An introduction to POD-Greedy-Galerkin reduced basis method

TL;DR

This paper introduces the POD-Greedy-Galerkin reduced basis method, a reduced order modeling technique that significantly decreases computational costs for parametric PDEs, enabling real-time simulations.

Contribution

It presents a comprehensive introduction to the POD-Greedy-Galerkin reduced basis method, highlighting its application to parametric PDEs and its advantages over traditional discretization methods.

Findings

Reduces computational cost for parametric PDEs

Enables real-time simulation capabilities

Provides reliable solutions with fewer resources

Abstract

Partial differential equations can be used to model many problems in several fields of application including, e.g., fluid mechanics, heat and mass transfer, and electromagnetism.
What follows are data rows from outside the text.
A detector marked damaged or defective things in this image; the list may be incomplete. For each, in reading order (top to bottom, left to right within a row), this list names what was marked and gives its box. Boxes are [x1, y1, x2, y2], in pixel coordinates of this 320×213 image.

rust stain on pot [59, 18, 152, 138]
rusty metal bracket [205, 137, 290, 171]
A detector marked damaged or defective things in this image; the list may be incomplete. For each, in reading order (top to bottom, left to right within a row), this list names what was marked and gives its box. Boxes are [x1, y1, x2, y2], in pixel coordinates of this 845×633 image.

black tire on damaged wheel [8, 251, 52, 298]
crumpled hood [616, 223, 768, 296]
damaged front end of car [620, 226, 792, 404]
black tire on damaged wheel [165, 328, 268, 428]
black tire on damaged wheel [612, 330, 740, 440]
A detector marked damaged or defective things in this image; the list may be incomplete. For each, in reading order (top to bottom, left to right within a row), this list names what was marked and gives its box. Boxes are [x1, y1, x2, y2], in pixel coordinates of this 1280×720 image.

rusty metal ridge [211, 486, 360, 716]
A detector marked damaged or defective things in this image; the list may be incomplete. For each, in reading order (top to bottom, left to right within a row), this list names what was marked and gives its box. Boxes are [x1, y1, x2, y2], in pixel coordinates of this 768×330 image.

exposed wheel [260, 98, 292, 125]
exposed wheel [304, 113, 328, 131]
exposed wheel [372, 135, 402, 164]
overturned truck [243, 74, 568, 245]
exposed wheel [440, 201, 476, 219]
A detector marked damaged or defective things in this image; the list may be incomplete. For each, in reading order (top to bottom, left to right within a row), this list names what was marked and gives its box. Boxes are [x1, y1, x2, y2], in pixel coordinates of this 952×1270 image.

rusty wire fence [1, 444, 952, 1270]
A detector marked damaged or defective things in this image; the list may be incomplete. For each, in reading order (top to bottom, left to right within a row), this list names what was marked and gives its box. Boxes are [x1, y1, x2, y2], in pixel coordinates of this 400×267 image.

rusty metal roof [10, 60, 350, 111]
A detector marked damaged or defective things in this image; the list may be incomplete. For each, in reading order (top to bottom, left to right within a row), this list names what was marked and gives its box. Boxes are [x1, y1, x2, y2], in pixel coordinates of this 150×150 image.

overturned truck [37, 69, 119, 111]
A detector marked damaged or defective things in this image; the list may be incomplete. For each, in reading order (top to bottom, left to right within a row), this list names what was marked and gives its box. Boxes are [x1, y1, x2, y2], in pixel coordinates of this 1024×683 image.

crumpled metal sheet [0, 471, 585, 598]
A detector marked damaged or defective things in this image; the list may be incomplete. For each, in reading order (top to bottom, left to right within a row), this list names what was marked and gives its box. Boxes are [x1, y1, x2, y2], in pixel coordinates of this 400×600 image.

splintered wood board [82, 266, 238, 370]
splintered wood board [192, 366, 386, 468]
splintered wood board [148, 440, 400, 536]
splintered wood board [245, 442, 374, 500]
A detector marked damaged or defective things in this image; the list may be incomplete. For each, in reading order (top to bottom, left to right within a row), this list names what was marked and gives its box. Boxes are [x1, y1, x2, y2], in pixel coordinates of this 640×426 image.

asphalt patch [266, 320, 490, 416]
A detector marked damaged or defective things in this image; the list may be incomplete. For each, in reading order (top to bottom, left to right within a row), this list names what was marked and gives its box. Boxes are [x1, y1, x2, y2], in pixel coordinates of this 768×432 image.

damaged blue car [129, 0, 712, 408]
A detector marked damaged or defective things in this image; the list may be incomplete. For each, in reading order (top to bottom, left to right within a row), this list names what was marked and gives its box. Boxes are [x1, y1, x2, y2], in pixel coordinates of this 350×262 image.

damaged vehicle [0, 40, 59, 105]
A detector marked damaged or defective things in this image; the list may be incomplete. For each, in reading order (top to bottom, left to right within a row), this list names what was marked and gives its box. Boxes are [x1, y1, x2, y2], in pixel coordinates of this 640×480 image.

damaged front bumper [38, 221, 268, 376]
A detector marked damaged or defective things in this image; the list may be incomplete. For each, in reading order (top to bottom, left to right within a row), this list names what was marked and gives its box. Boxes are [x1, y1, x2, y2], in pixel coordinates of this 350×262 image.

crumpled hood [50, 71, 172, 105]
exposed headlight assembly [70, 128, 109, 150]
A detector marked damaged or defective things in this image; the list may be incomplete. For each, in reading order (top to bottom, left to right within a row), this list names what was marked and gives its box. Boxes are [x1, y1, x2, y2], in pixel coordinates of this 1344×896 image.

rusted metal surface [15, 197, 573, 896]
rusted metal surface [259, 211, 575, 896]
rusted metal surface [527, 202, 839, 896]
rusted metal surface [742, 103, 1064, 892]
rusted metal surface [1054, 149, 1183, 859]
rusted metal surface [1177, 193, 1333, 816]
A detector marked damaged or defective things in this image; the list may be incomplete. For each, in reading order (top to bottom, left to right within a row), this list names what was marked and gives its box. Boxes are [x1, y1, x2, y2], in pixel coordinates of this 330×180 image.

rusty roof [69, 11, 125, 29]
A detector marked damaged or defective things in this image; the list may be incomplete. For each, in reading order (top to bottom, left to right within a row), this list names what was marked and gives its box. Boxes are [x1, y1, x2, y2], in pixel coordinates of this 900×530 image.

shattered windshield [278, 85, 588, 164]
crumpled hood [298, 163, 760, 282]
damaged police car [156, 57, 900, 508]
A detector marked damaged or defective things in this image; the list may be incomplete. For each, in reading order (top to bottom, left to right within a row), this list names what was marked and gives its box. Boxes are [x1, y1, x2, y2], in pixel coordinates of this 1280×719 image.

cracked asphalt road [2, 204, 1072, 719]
Accurate discretization methods (e.g., finite element or finite volume methods, the so-called full order models) are widely used to numerically solve these problems. However, when many physical and/or geometrical parameters are involved, the computational cost required by full order models becomes prohibitively expensive and this is not acceptable for real-time computations that are becoming more and more popular for rapid prototyping. Therefore, there is the need to introduce reduced order methods (also referred to as reduced basis methods) able to provide, as the input parameters change, fast and reliable solutions at a reduced computational cost.